In say 1912 in the time of the supposedly big deal Basle Socialist Conference which got reflected in more circles than just workingmen, small shopkeepers and small farmers, or 1913 for that matter when the big deal European powers were waging "proxy" war, making ominous moves, but most importantly working three shifts in the munitions plants, oh hell, even in the beginning of 1914 before the war clouds got a full head of steam that summer they all profusely professed their undying devotion to peace, to wage no war for any reason. Reasons: artists who saw the disjointedness of modern industrial society, freaked out at what humankind had produced, was producing to place everybody in an inescapable box and hence their cubic fascinations from which to run, put the pieces to paint; sculptors who put twisted pieces of scrape metal juxtaposed to each other  to get that same effect, an effect which would be replicated on all those foreboding trenched fronts; writers, not all of them socialists either, some were conservatives that saw empire, their particular empire, in grave danger once the blood started flowing  who saw the v   of serious history books proving that, according to their Whiggish theory of progress,  humankind had moved beyond war as an instrument of policy; writers of not so serious novels drenched in platitudes and hidden gabezo love affairs put paid to that notion in their sweet nothing words that man and woman had too much to do to denigrate themselves by crying the warrior’s cry and for the sweet nothing maidens to spent their waking hours strewing flowers on the bloodlust streets; musicians whose muse spoke of delicate tempos and sweet muted violin concertos; and poets, ah, those constricted poets who bleed the moon of its amber swearing, swearing on a stack of seven sealed bibles, that they with all their creative brethren would go to the hells, literary Dante's rings, before touching the hair of another human, that come the war drums they all would resist the siren call, would stick to their Whiggish, Futurist, Constructionist, Cubist, world and blast the war-makers to hell in quotes, words, chords, clanged metal, and pretty pastels.
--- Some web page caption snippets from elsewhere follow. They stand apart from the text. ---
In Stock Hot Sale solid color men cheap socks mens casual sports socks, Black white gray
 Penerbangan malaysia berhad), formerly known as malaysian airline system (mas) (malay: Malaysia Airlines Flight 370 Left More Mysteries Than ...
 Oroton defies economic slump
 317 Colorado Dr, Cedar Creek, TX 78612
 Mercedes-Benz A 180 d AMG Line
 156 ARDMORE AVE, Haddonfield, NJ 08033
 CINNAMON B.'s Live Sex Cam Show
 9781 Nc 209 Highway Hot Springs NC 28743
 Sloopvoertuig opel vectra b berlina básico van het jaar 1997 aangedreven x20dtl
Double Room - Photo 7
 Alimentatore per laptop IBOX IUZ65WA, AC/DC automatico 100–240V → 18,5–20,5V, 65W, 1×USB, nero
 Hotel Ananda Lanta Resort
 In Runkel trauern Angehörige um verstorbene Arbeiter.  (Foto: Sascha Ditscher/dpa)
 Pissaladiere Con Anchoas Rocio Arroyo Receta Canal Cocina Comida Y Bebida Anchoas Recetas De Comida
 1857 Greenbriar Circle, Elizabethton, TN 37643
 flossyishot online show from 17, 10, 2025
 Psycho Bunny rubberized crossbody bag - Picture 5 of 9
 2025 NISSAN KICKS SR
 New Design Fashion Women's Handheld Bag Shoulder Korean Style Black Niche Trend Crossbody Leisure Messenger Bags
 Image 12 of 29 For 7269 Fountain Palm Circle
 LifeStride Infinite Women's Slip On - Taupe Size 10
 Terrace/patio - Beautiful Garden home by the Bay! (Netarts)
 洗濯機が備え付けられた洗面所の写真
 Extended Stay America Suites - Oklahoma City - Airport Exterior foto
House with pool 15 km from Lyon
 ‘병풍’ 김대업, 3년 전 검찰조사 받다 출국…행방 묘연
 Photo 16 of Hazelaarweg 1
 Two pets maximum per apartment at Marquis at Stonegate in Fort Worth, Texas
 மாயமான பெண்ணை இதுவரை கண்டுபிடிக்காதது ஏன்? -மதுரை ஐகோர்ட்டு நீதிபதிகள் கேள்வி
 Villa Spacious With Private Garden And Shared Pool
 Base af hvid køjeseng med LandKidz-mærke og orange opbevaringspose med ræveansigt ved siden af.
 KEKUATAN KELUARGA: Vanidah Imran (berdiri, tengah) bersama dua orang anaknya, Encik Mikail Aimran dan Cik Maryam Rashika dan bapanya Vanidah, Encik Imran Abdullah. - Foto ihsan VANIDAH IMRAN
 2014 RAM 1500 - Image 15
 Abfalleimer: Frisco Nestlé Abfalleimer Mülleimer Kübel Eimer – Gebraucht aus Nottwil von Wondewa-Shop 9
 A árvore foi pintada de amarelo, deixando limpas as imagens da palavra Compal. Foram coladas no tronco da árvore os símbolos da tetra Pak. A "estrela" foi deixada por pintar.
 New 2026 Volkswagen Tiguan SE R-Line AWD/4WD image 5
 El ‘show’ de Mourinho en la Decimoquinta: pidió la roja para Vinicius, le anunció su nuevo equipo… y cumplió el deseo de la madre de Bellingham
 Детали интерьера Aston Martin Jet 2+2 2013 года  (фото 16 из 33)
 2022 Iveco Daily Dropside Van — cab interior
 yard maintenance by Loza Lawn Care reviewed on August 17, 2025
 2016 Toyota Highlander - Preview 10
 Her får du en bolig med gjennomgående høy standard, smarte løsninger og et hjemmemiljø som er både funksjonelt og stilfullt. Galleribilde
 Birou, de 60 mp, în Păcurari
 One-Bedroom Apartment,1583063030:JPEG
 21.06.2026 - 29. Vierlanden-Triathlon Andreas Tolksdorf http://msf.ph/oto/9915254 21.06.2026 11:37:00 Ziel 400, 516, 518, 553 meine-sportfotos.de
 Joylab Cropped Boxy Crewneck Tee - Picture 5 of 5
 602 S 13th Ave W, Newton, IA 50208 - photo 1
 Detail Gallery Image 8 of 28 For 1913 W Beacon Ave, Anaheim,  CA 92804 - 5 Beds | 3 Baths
And then the war drums intensified and they, they made of ordinary human clay as it turned out, they who could not resist the call, could not resist those maidens now busy all day strewing flowers on the bloodlust streets for their soldier boys, those poets, artists, sculptors, writers, serious and not, musicians went sheepishly to the trenches with the rest of the flower of European youth to die deathless deaths in their thousands for, well, for ….            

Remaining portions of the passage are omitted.